Some Canadian coats of arms even have an impressive literary provenance. Sonja Bata asked Watt to help her create a coat of arms for the Bata Shoe Museum in Toronto, but she was stuck coming up with a motto. During a meet-

ing with Watt at the exclusive York Club to thrash out ideas, she spied novelist Robertson Davies and called him over. “Robertson,” she said, “I need your help.” In less than a minute, he had a motto for her: “One step at a time.” Former prime ministers have their own coats of arms. Kim Campbell’s shield is decorated in pink and gold and displays the universal symbol for justice: a woman holding scales. John Turner’s has canoes, reflecting his love of the North. Joe Clark has a picture of a printing press in his, celebrating his father’s occupation as a publisher. Mulroney’s has a fortress wall representing

his wife Mila’s Serbian roots. Pierre Trudeau’s shows two figures, a voyageur and a woman in 17th-century Scottish dress, alluding to his parental ancestry. Three wheat sheaves are metaphors for his three sons.

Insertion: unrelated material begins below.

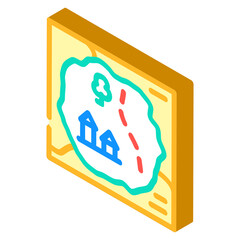 vintage map fairy tale isometric icon vector. vintage map fairy tale sign. isolated symbol illustration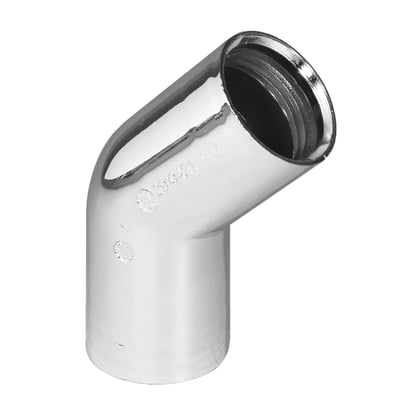 Forkrommet Purus-vinkel på 45° i plast for Ø32 mm innstikk, sett på skrå med den åpne muffen synlig.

Watt says heraldry, which must follow strict form, has a certain magic about it. “Even though the number of colours that can be used are limited, and the number of elements are limited, they can be put together in infinitely inventive ways,” he explains. Being a chief herald may sound like a snooty job, but the office was created by a very unaffected man, David Crombie, former

cabinet minister in the Mulroney government and the former “tiny, perfect” mayor of Toronto.

Crombie, as secretary of state, first met Watt in 1986 when the latter was director of the Vancouver Museum. As Watt took Crombie on a tour of his institution to view aboriginal art, he began to talk with passion about his hobby heraldry. He noted that native peoples have long been using their own form of heraldry—depicting stories through representations of ravens, wolves, stars and other natural elements. Crombie, who says he bores his family and neighbours with “my fascination with history,” became intrigued by Watt’s suggestion that Canada have its own herald.

At that time, anyone who wanted a real, registered coat of arms had to apply to Scotland’s Lord Lyon or the Garter King of Arms in England. “It seemed to me that Canadians had their own stories to tell,” Crombie says. He believes having a coat of arms is much like having your own Web home page. “Web sites are simply heraldry in motion,” he says. “A Web page says, ‘Here’s who I am, here’s what I’ve done.’ A coat of arms says the same thing in an iconic way.”

So when Watt was offered the job by then-Gov. Gen. Jeanne Sauvé, he accepted with alacrity. He understood the history of heraldry, one that started when 12th-century knights identified themselves by painting their shields. Later, monarchs began to take on the official role of granting coats of arms to honour subjects, and appointed heralds to register them.

Word has spread about Watt’s work, and lately requests for coats of arms have been flying in—32 from early November to early January alone. “We can barely keep up with it,” says Watt, who earns a salary of $70,000 a year and keeps an office in Vancouver and at Rideau Hall. This week, he will be in Ottawa, to where he commutes twice a month. But despite the dislocation from his family, Watt embraces his official role with tremendous passion. “I’ve always been fascinated about how this very old art form can serve Canadians so wonderfully,” he says. The job may speak of antiquity, but there is nothing old-fashioned about this herald as he ushers his historic traditions into the new millennium.